"Belphégor" auf DVD Zeit der Träume

Die französische Serie "Belphégor" von 1965 auf DVD

Belphegor
Belphégor hinter seiner Maske

Belphégor hinter seiner Maske

Während uns das Fernsehen, wie es ist, gelinde gesagt auf den kulturellen Nerv geht, wächst ein nostalgisches Vergnügen an alten Serien auf DVD. An ihnen kann man nicht nur sehen, wie die Zeit vergeht, sondern auch, dass das Fernsehen gar nicht so sein müsste, wie es ist. Man nehme nur Belphégor, eine vierteilige französische Serie aus dem Jahr 1965 (3 DVDs, 317 Min., erschienen bei e-m-s).

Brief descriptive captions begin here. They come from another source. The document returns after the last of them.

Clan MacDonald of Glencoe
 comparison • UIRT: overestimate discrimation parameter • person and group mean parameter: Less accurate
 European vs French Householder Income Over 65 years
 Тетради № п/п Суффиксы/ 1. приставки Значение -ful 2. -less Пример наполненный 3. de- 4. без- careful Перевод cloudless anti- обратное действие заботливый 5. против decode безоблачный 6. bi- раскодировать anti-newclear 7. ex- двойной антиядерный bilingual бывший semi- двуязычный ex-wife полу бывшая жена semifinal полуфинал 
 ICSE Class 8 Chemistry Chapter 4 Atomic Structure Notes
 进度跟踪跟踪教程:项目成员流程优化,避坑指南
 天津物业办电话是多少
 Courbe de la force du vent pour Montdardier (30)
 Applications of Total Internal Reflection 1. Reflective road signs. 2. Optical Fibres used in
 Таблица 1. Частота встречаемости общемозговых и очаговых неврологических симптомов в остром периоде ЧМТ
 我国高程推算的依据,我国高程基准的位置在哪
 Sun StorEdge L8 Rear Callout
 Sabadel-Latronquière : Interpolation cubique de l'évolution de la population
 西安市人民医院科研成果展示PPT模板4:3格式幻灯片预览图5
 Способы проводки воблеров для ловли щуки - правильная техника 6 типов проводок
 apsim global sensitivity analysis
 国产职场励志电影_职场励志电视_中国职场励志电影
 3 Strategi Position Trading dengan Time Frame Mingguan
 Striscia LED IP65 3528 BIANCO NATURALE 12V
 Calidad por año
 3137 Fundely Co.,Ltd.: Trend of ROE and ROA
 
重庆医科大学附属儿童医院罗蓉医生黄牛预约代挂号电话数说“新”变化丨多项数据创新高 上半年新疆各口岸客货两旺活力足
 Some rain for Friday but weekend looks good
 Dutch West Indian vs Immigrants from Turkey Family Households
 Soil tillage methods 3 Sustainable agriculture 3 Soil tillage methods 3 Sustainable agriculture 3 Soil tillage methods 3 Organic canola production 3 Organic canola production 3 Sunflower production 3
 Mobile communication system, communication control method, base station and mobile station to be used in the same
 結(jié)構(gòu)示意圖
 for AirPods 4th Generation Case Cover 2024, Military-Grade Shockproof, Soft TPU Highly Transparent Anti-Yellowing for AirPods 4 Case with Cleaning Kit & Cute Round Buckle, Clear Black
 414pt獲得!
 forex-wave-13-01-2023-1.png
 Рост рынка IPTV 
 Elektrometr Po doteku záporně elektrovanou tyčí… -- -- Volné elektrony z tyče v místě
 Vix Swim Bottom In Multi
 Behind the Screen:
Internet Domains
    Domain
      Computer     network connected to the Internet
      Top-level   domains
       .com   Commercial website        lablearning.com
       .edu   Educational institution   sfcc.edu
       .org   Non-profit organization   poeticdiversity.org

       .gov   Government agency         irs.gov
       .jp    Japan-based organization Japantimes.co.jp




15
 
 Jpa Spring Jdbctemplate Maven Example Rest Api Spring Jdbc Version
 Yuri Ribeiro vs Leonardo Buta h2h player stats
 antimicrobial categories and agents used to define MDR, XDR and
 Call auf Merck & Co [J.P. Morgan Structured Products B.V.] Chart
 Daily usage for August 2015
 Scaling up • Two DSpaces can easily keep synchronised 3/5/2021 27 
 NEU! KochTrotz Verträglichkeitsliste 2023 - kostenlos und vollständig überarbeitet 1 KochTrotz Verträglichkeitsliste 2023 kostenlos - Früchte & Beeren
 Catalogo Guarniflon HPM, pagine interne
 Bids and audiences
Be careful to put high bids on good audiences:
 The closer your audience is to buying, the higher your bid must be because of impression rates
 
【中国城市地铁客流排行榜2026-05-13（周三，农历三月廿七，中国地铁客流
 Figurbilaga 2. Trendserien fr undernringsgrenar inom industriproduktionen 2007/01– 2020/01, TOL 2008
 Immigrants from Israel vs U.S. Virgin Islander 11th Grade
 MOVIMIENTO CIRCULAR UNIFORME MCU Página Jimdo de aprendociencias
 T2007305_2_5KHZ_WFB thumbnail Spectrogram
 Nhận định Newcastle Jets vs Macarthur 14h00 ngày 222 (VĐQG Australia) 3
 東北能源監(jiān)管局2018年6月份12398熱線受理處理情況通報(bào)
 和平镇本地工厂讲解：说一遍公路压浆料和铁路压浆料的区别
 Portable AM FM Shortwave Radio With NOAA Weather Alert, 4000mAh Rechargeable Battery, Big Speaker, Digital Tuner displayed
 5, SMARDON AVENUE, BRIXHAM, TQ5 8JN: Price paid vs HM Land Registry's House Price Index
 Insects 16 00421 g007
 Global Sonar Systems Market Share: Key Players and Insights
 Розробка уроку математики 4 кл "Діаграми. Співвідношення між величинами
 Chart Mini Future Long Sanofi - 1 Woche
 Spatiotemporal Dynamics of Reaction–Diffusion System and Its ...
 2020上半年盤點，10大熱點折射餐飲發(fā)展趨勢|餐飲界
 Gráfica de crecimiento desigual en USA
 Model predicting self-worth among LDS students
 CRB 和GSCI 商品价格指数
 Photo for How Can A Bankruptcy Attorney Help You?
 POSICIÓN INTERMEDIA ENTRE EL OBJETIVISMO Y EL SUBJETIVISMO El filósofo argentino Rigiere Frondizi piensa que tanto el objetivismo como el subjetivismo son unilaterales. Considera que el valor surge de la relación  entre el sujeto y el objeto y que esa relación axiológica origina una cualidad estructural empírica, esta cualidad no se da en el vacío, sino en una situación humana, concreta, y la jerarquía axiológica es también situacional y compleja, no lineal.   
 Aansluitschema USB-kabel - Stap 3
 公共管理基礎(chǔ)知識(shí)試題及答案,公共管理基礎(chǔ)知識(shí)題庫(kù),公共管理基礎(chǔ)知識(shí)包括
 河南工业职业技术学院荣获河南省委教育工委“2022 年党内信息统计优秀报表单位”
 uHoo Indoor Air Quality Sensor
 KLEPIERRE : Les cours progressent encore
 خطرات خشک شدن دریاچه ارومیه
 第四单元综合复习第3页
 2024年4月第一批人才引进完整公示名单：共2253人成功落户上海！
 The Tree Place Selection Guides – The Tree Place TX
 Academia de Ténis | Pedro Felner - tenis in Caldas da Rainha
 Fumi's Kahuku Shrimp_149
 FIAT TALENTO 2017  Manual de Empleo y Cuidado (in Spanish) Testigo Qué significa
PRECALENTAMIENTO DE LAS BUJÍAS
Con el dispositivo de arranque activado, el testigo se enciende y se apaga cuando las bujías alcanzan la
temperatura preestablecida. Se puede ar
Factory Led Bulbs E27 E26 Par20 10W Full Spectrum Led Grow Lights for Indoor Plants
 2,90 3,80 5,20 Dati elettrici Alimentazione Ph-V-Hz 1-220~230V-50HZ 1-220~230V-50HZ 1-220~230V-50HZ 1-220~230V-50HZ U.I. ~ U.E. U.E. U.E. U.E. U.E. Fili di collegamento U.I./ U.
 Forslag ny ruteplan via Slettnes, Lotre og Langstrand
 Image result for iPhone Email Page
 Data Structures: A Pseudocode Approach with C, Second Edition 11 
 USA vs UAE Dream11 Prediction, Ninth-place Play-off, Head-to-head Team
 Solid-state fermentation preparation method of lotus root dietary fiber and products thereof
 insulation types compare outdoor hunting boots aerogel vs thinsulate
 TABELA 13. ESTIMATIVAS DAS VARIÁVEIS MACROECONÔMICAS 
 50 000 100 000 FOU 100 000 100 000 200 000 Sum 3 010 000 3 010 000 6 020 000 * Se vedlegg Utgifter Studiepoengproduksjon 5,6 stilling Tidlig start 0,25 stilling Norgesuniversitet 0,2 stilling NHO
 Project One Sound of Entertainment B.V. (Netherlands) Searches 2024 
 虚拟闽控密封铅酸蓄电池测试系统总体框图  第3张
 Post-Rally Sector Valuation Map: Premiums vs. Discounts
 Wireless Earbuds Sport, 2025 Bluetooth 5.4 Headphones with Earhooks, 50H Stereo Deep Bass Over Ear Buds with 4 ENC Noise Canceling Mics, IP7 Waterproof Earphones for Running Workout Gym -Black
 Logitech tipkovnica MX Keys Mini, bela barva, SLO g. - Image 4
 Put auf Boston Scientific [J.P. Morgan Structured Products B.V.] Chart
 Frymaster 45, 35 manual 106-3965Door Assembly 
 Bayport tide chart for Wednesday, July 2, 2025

Die Eingangsmusik: zuerst eine Trompete, die klingt wie eine Mischung aus rostiger Eisentür und Miles Davis, dann ein Trash-Stückchen, das einem deutschen Edgar-Wallace-Film entstammen könnte und zwanglos in einen Musette-Walzer übergeht. All das stammt von Antoine Duhamel, der im Jahr darauf die Musik zu Jean-Luc Godards Pierrot le Fou schrieb und viel für Truffaut und Tavernier arbeitete. Dazu Bilder, die noch gar nichts beweisen, die noch nicht »funktionieren« müssen, Bilder des aufmerksamen Flanierens: Der Flohmarkt, gleich dahinter die neuen Hochhäuser. Das alte Paris, das nicht so sehr pittoresk als vielmehr kaputt ist, und das neue, das nicht so sehr modern ist, sondern hässlich und leer. Und doch findet sich dazwischen reine Bildpoesie. Die Kamera führte Jacques Lemare, der Jean Renoirs Die Spielregel und ein paar der schönsten Lemmy-Caution-Filme fotografiert hat. So geht es vom Flohmarkt zum Louvre, auf den Spuren von Zola, Dumas, Feuillade und Tim und Struppi. Der Off-Kommentar (auch der lässt sich hier alle Zeit der Welt) bringt die Erzählstrategie auf den Punkt: »Die heutige Zeit braucht Träume ebenso wie Realitäten.« 

Die Handlung ist so schnell erzählt wie vergessen. Eine geheimnisvolle Gestalt geht im Louvre um. Während der Kommissar Ménardier die Ermittlungen mit zähem Nachdruck leitet, macht sich der junge Journalist André Bellegarde selbst auf die Suche und gerät dabei nicht nur in die übliche Verschwörung, sondern vor allem zwischen zwei Frauen. Hell und vernünftig die Tochter des Kommissars, dunkel und verführerisch die andere Frau (Juliette Gréco!).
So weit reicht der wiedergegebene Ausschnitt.